Data section:

---+---

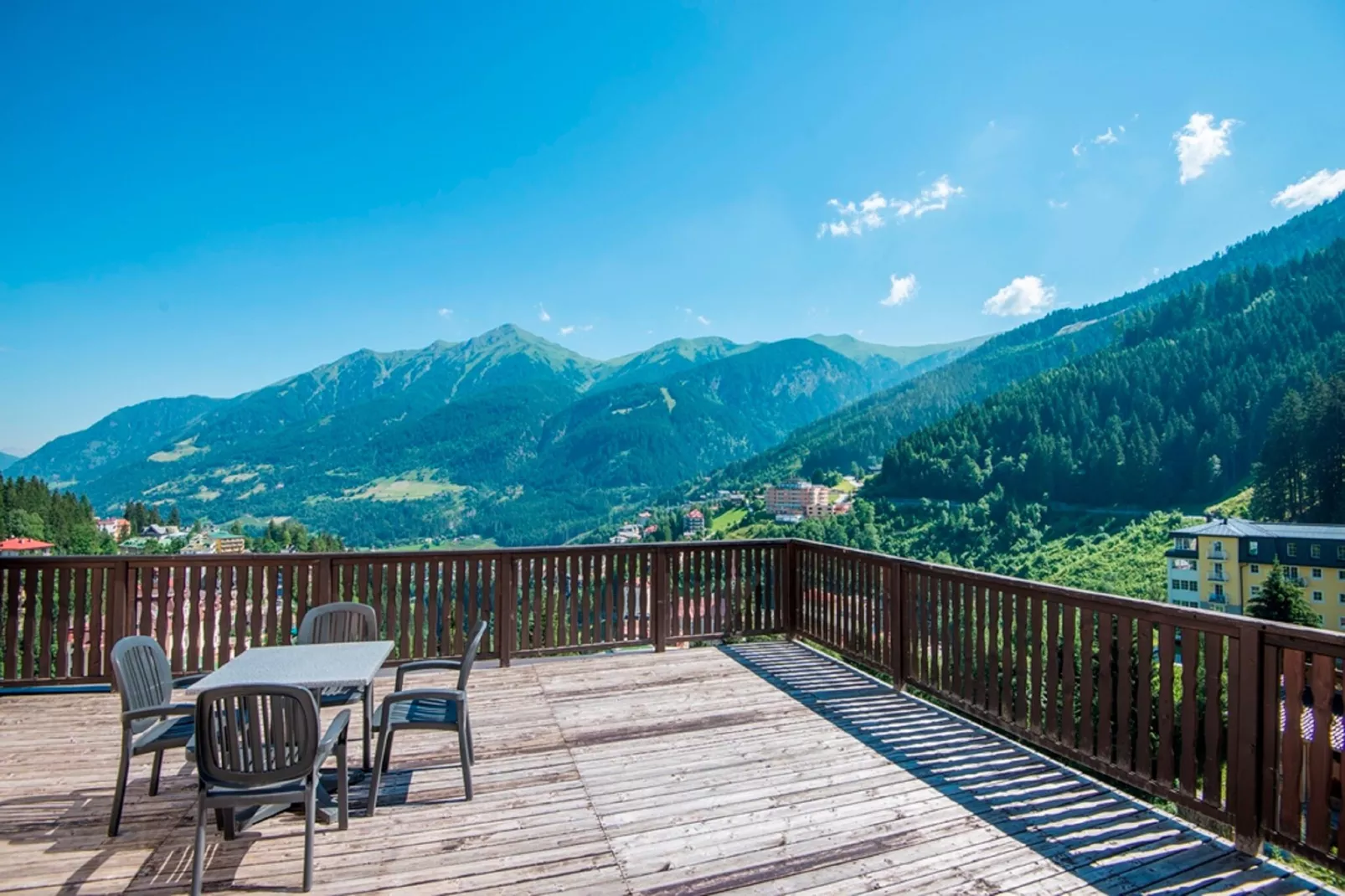 A4P Alpenhof-Terrasbalkon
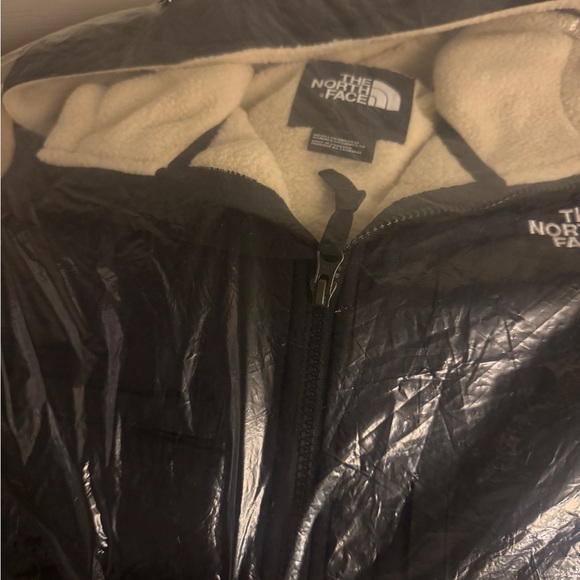 The North Face Black and Cream Bomber Jacket Anorak Hoody Fleece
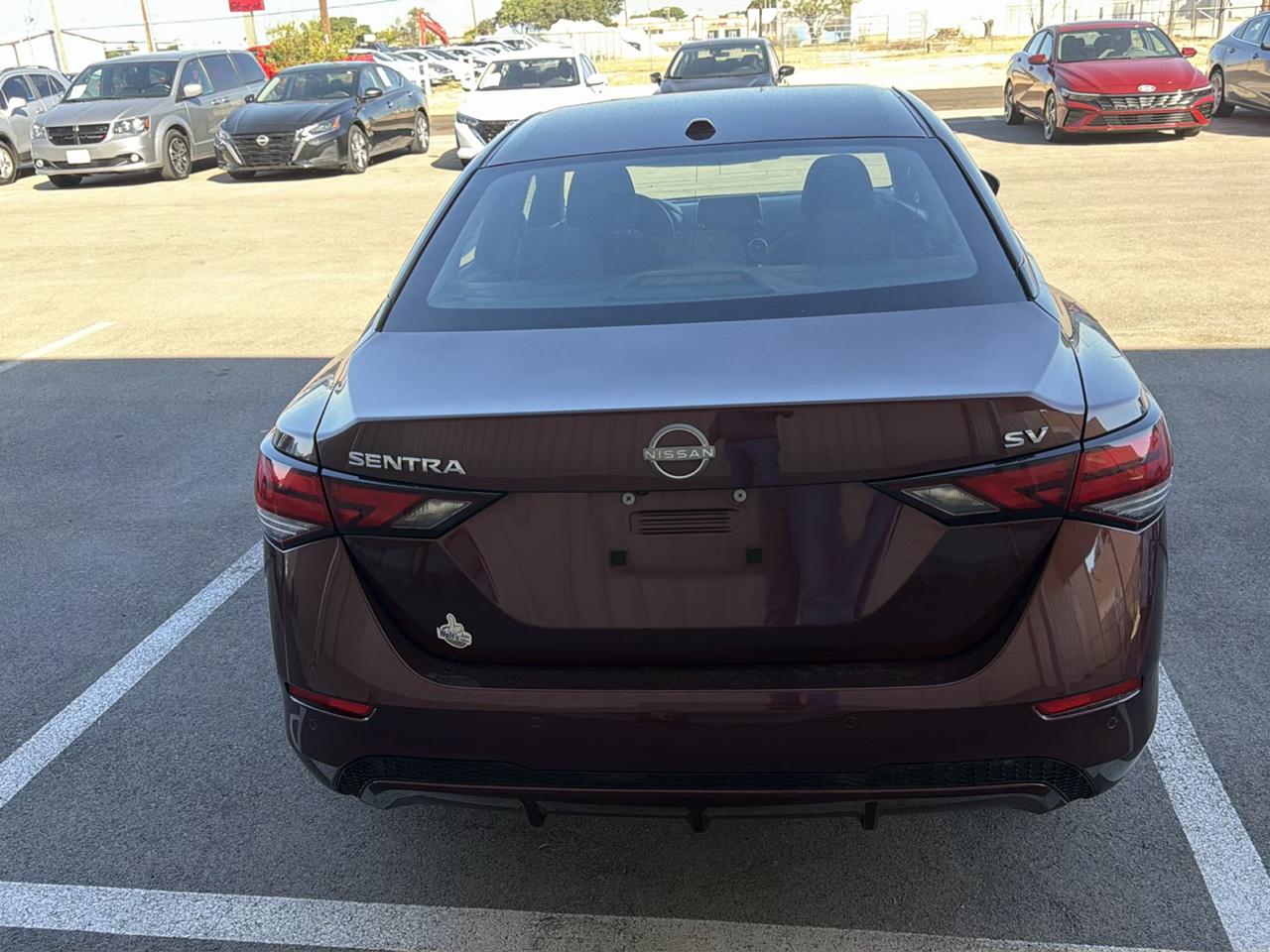 Nissan Sentra  2024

---+---

Exercise goal:
Go through the listing above and quote it exactly, apart from its images.

Answer space:
 A4P Alpenhof-Terrasbalkon
 The North Face Black and Cream Bomber Jacket Anorak Hoody Fleece
 Nissan Sentra  2024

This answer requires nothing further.